Besides all this “admin-type” stuff the fact remains that Freya keeps us on our toes – we have had dramatic deteriorations where we have had to call 999 and fight to keep our little princess alive. You can prepare – we have a hospital bag and a hospital folder we all key information and contacts already packed up and ready to go – but you never get used to it. You truly never feel as helpless as when you have a child losing the fight in front of your eyes and you have to trust strangers to be able to save her. You can never really be sure of what the day will bring. Last time we had to go to the hospital from home a completely ordinary Tuesday morning turned into a dramatic race to get to intensive care in time – and we ended up spending 5 months on that one trip.
It’s scary but it’s worth it. We’ve had long spells in hospital since Freya was born and we have had many homecomings – some more successful than others. The return may be much waited and desired – but it also is scary; how about if things go wrong (again)? Will we be as lucky? How about if Freya’s general condition deteriorates? How will we manage?
One thing I have learned is that you can’t be afraid of your own life. The cards you have been dealt with may not be the ones you expected to have. The challenges you face may feel momentous compared to the obstacles you have dealt with in the past, but you can’t live in a prison of your own fears. People often think that parents who are dealing with a serious ill child are a crumbling mess, crying in corner, inconsolable. Yes, we are, sometimes, but most of the time we aren’t. Breaking down is a luxury many of us cannot afford – we just need to keep going for the sake of our children, our partners, our families. For the sake of ourselves. We get up, we live. We fight harder than we ever imagined we could, and we preserve. We have one goal – to make sure that our little people have the best of everything – and we don’t care whose toes we step on to get it.

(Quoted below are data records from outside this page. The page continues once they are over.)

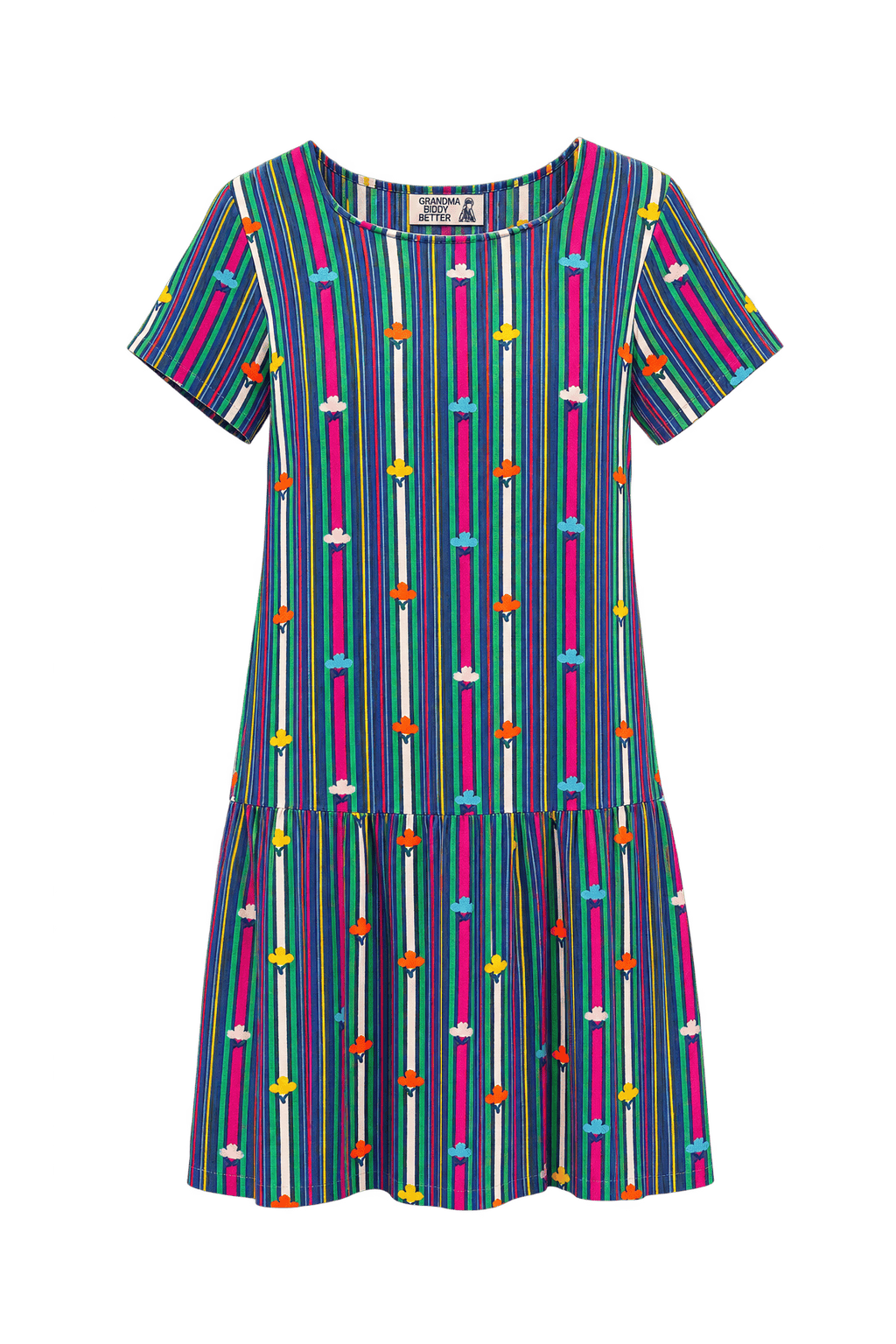 1970s Navy Blue Woven Fabric Dress - Front View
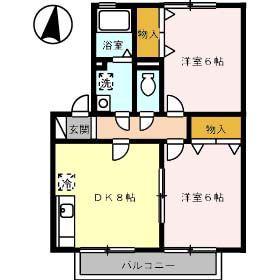 セジュール新市 B棟(2DK/2階)の間取り写真
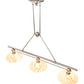 Meyda Lighting Deco Ball 70" 3-Light Nickel Island Pendant Light With Beige Cognac Swirl Shade Glass
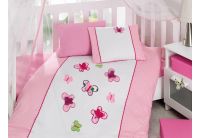 Постельное белье с вышивкой в детскую кроватку Cotton Box. Kelebek Pembe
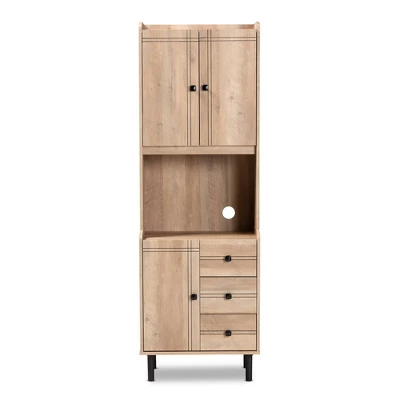 Patterson 3 Drawer Kitchen Storage Cabinet Oak/Brown - Baxton Studio 2 Patterson 3 Drawer Kitchen Storage Cabinet Oak/Brown - Baxton Studio - Image 2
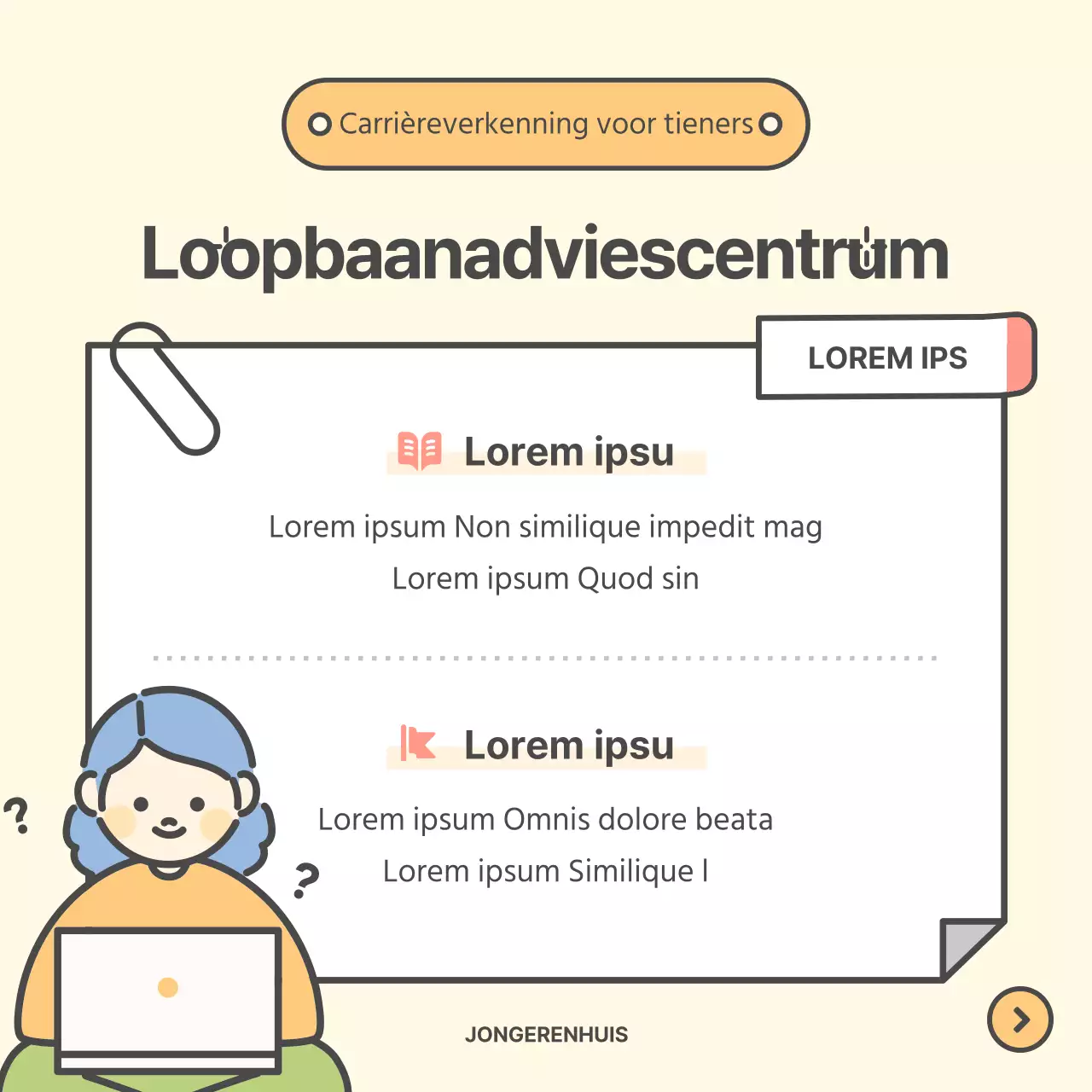 Een schattig geel en chartreuse loopbaanadviescentrum promoten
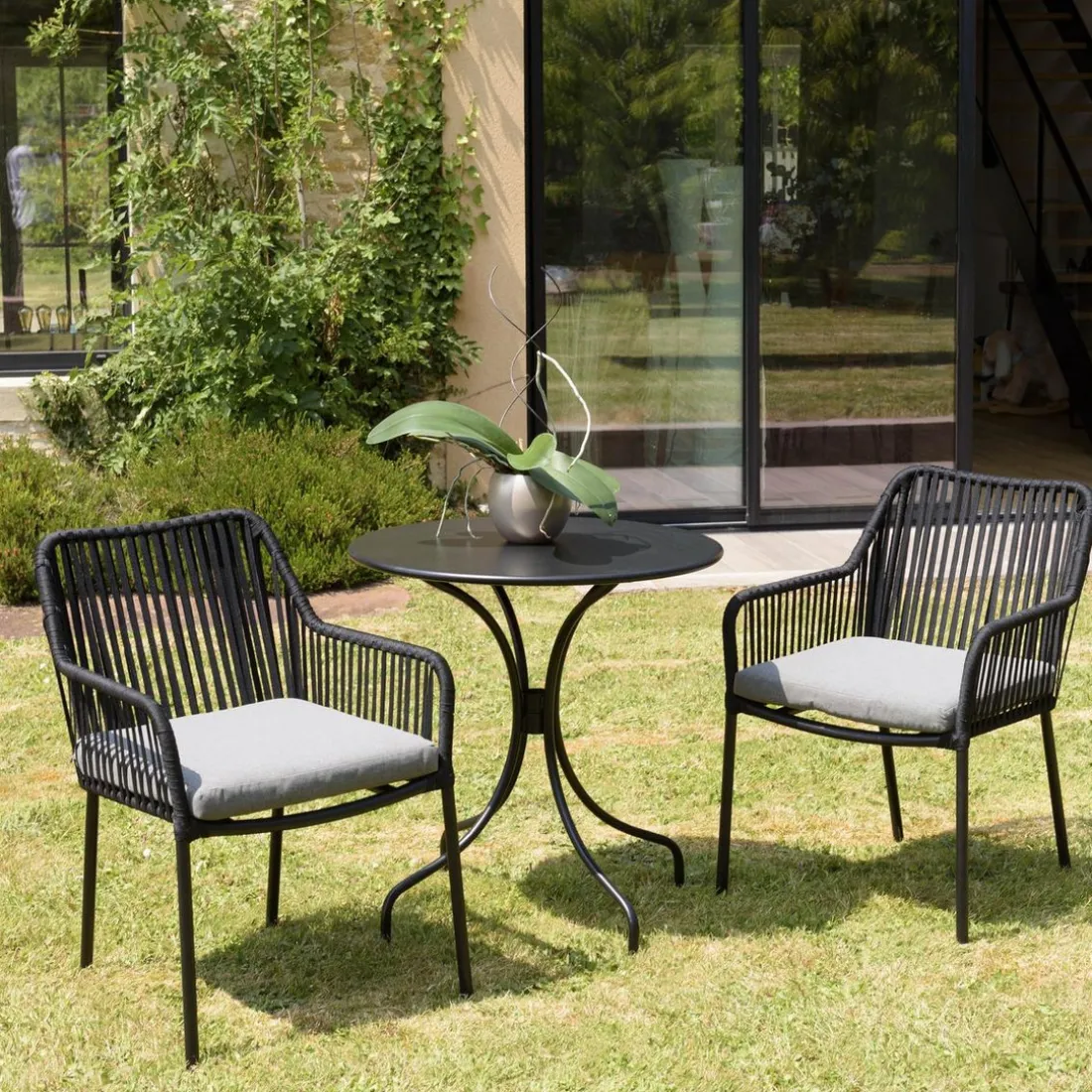 Lot de 2 fauteuils cordage noir coussin assise gris anthracite MALO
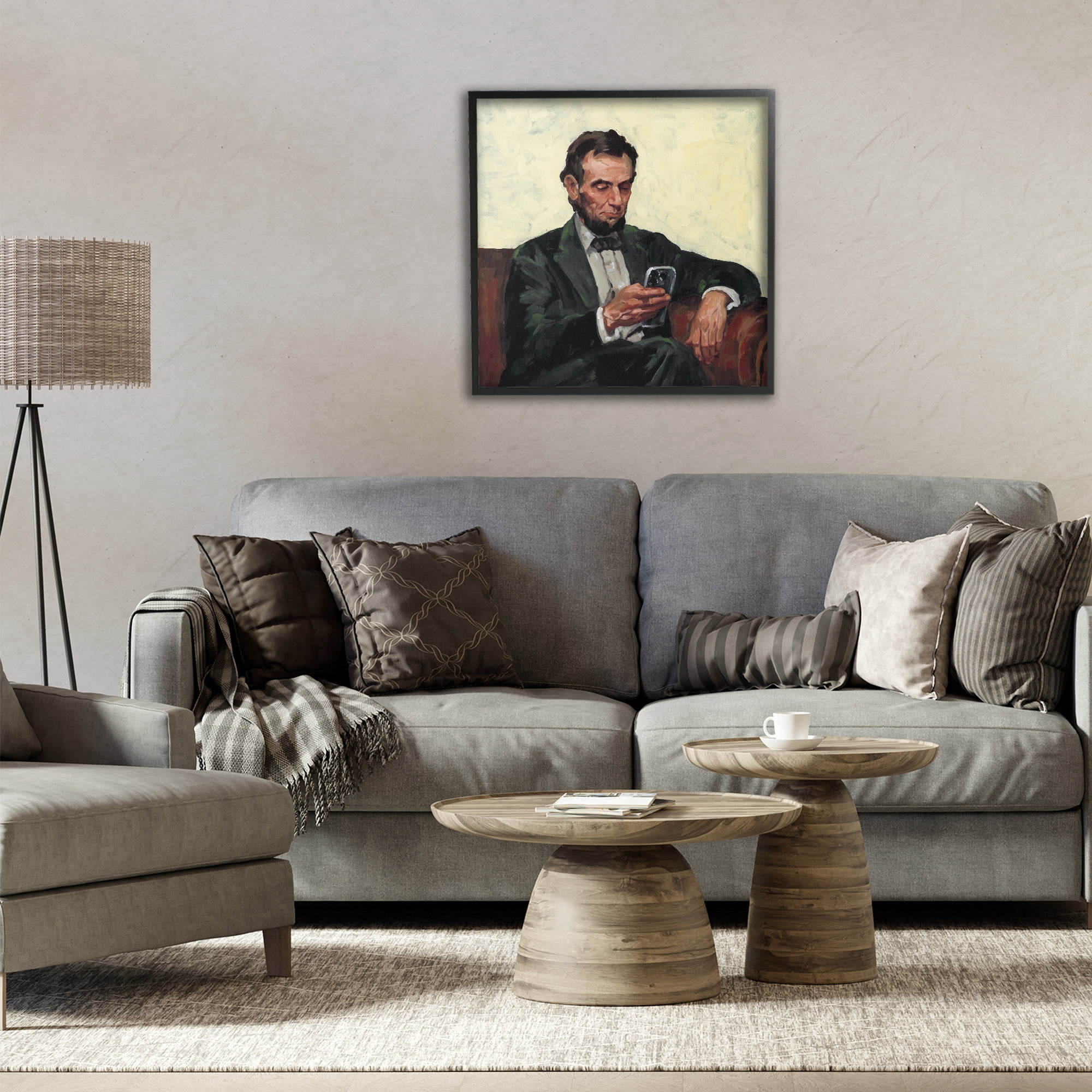 Stupell Industries Abe with Cellphone Black Framed Giclee Art, design by Studio Bautista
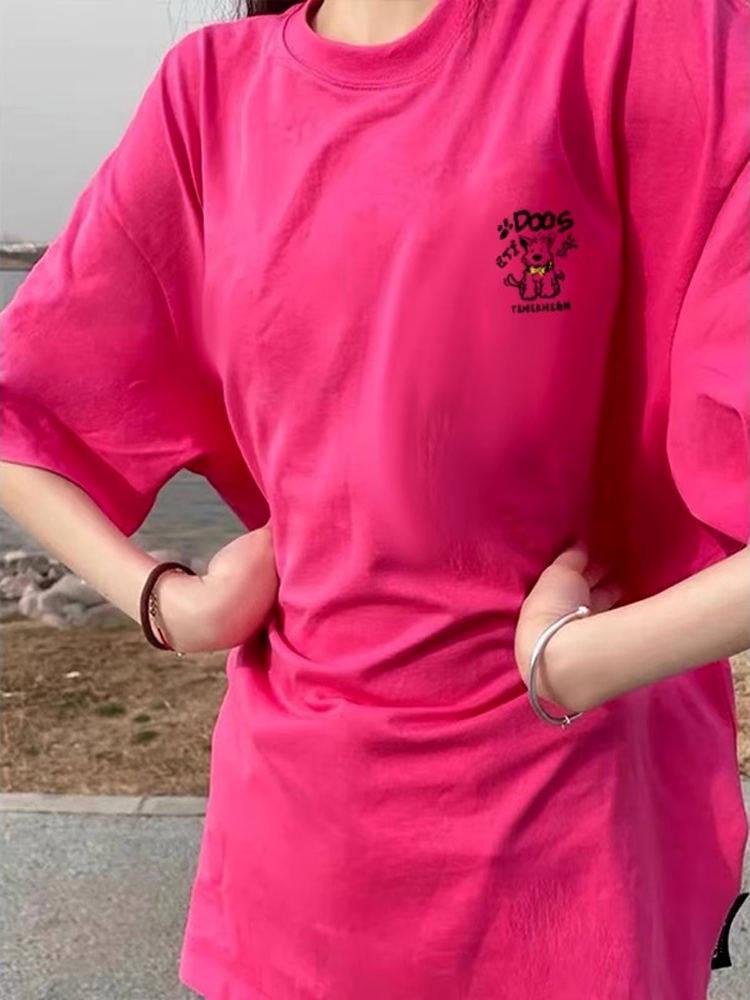 American Retro Plus Size Pitaya Cotton Short-Sleeve Loose Casual T-Shirt for Women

And we love with an intensity of knowing there might not be tomorrow. More I get to know Freya more I suspect that in 50 years’ time she will be wheeling me into an old people’s home tired of my endless stories about hospitals, snot and how I spent her first years on warpath getting her the best of the best. But I know things may turn out differently. So we try to enjoy our days as they come, rain or shine, home or hospital. After all, life is what you make of it.